Es ist ein Bonmot, das wohl schon jeder Einheimische mal gehört hat: Im Kanton Luzern leben mehr Schweine als Menschen. 422'707 waren es letztes Jahr. Zu ihnen gesellen sich auf den Luzerner Bauernhöfen und Mastbetrieben knapp 150'000 Rinder, 18'000 Schafe, ein paar Tausend Ziegen und Pferde sowie 1,3 Millionen Hühner.

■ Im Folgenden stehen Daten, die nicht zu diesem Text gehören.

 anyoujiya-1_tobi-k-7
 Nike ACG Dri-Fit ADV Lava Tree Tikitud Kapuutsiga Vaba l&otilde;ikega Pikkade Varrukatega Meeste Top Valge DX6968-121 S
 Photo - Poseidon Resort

Nirgends im Land werden auf vergleichbarer Fläche so viele Tiere gehalten. Das hat Schattenseiten: Belastete Böden, Seen, die man lüften muss und tonnenweise Gülle, die man ins Ausland exportieren muss. Für das Klima ist die hohe Nutztierdichte keinesfalls von Vorteil. Rund ein Viertel der Luzerner Treibhausgase stammt aus der Landwirtschaft.
Klar ist darum: Im Kanton Luzern sollen künftig weniger Nutztiere leben. Das ist eines der Ziele der neuen Klimapolitik. In der Landwirtschaft sollen die Treibhausgasemissionen bis ins Jahr 2050 halbiert werden. Das ist im Vergleich zu anderen Bereichen – etwa Mobilität oder Gebäude – wenig, aber angesichts der aktuellen Strukturen doch ambitioniert.

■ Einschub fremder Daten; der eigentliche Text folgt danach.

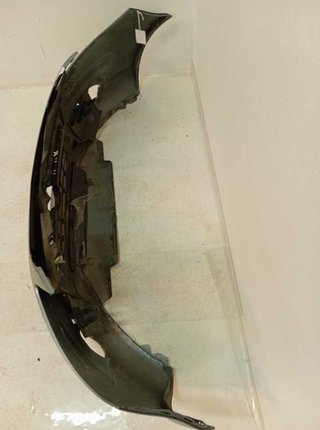 Paragolpes delantero opel 13191879 corsa gsi 7799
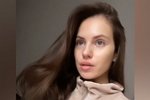 Александра Артёмова: Даже не спрашивайте, как я так живу!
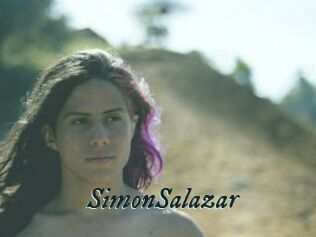 SimonSalazar
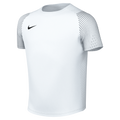 Nike Youth Dri-Fit Academy II Jersey - White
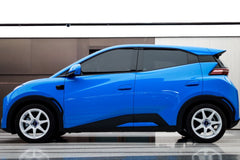 BYD SEAGULL-002-FF MR7S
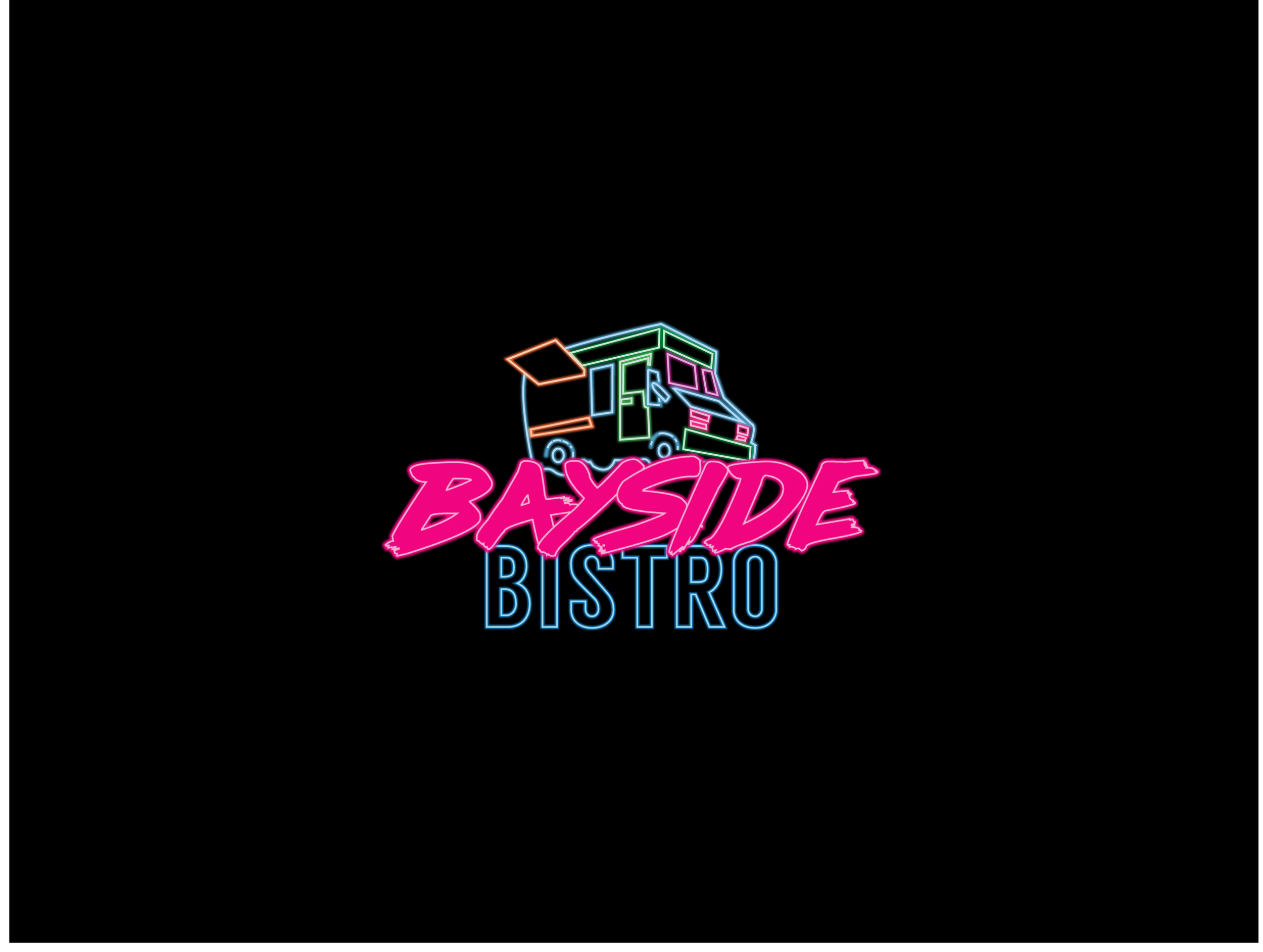 BaysideT_Logo2-01.png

Denn den Bauern zu befehlen, weniger Tiere zu halten, das empfand man in Luzern in der Vergangenheit als zu krasser Eingriff in ihre unternehmerische Freiheit. Zudem ist fraglich, ob das Problem damit gelöst ist. Denn die Emissionen sollen sich nicht einfach in andere Regionen verlagern, indem mehr Fleisch importiert wird. Vielmehr will der Kanton, dass Konsumenten und Bauern in dieselbe Richtung gehen. Sprich: Luzernerinnen sollen gleichzeitig mehr lokale Lebensmittel kaufen – und so den einheimischen Bauern eine Zukunft ermöglichen.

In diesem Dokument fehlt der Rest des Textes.